TASK REQUIREMENTS: Pictures are to be dropped. Everything else in the listing gets copied exactly.

- - -

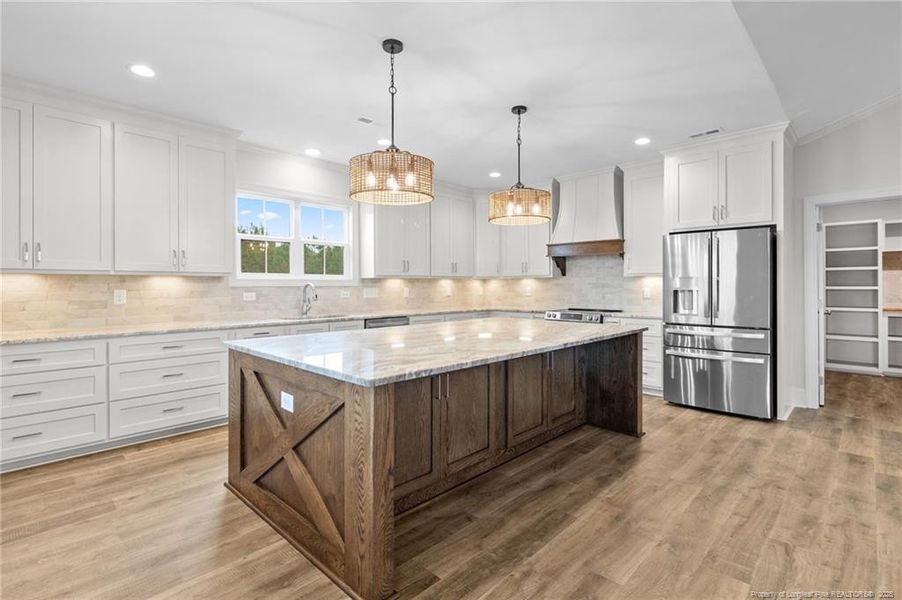 Large island with storage Large island with storage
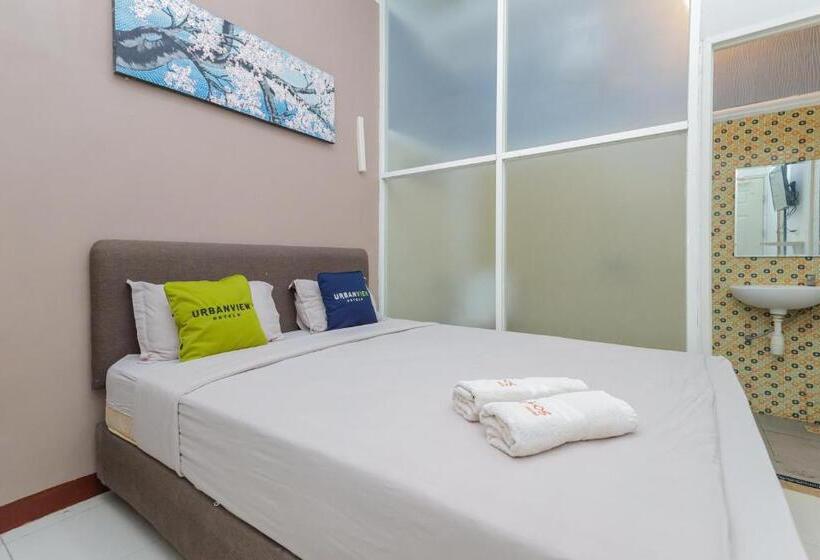 Номер Deluxe, Urbanview Hotel Syariah Near Gelora Delta Sidoarjo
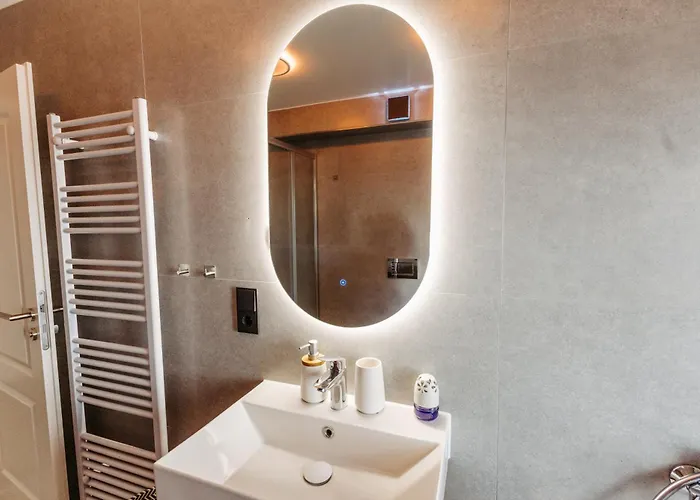3Br - Brand New Apartment - Ciba Apartments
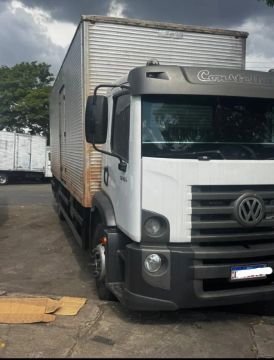 15-180 2008 baú 8 m 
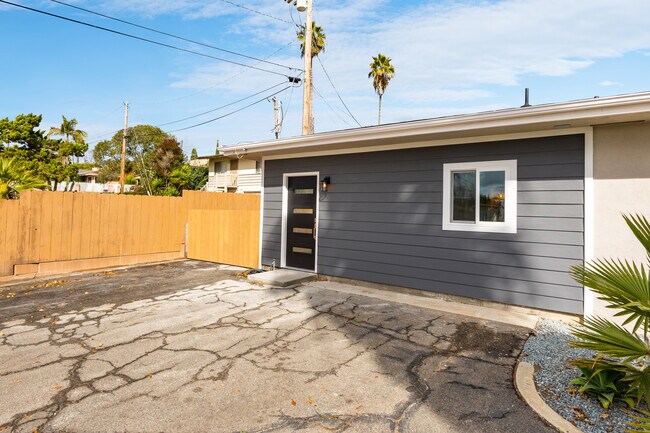 Photo - 205 Plymouth Dr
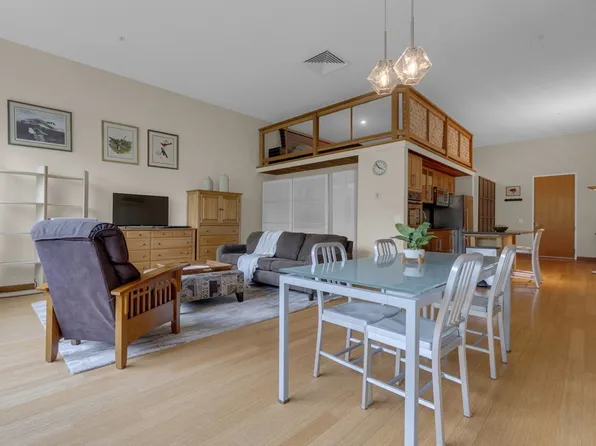 290 Pleasant St APT 309, Watertown, MA 02472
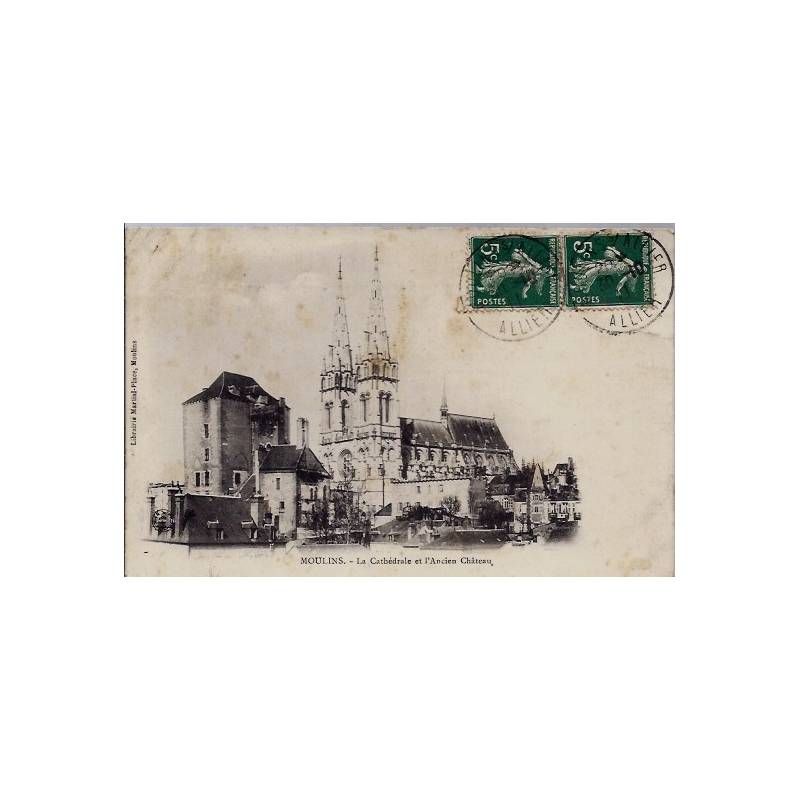 03 - Moulins - La cathédrale et l'ancien château - Voyagé - Dos divisé...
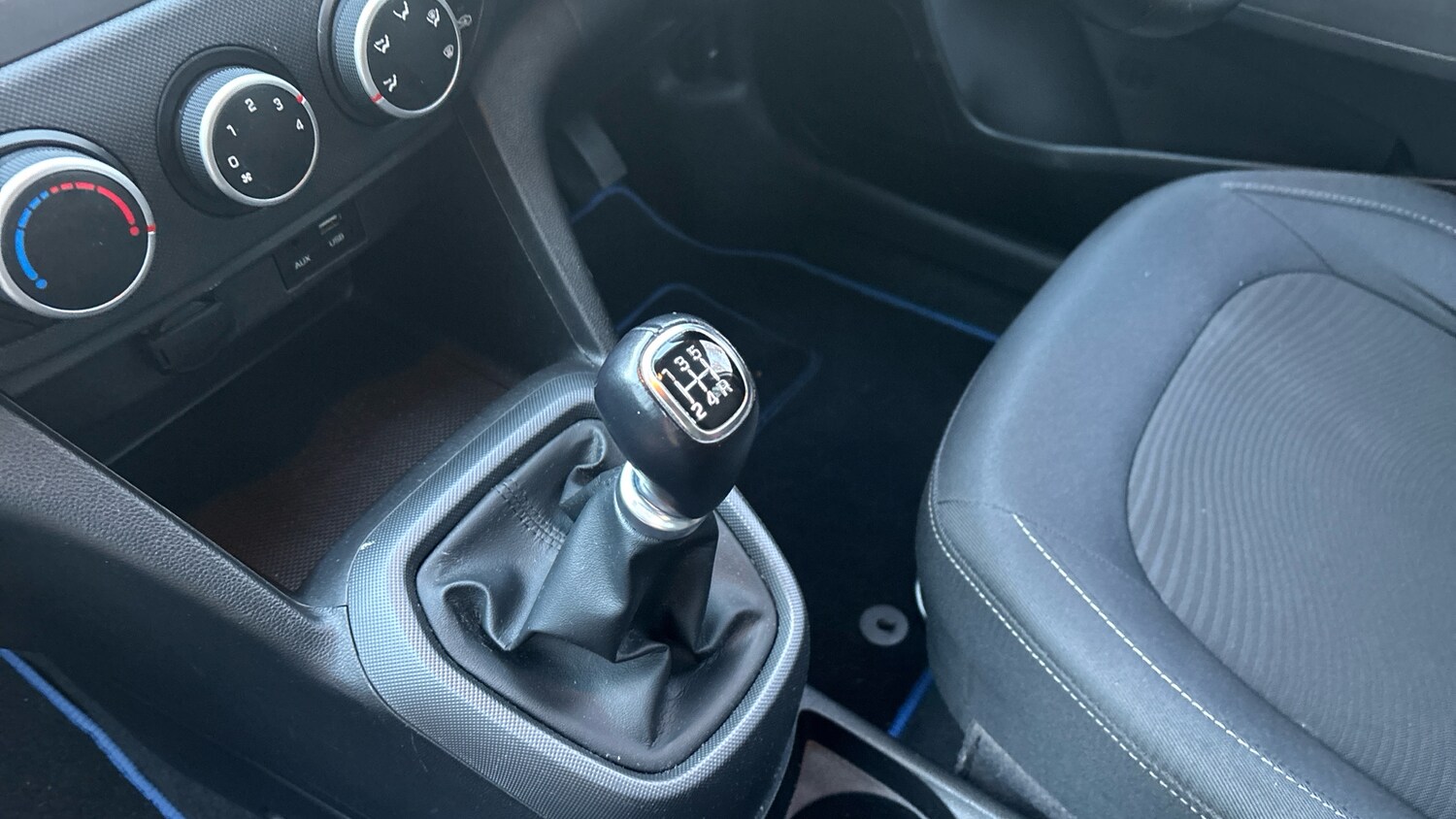 Used Hyundai i10 2020 for sale - 76831463: Photo 13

- - -

EXERCISE SOLUTION:
 Large island with storage Large island with storage
 Номер Deluxe, Urbanview Hotel Syariah Near Gelora Delta Sidoarjo
3Br - Brand New Apartment - Ciba Apartments
 15-180 2008 baú 8 m 
 Photo - 205 Plymouth Dr
 290 Pleasant St APT 309, Watertown, MA 02472
 03 - Moulins - La cathédrale et l'ancien château - Voyagé - Dos divisé...
 Used Hyundai i10 2020 for sale - 76831463: Photo 13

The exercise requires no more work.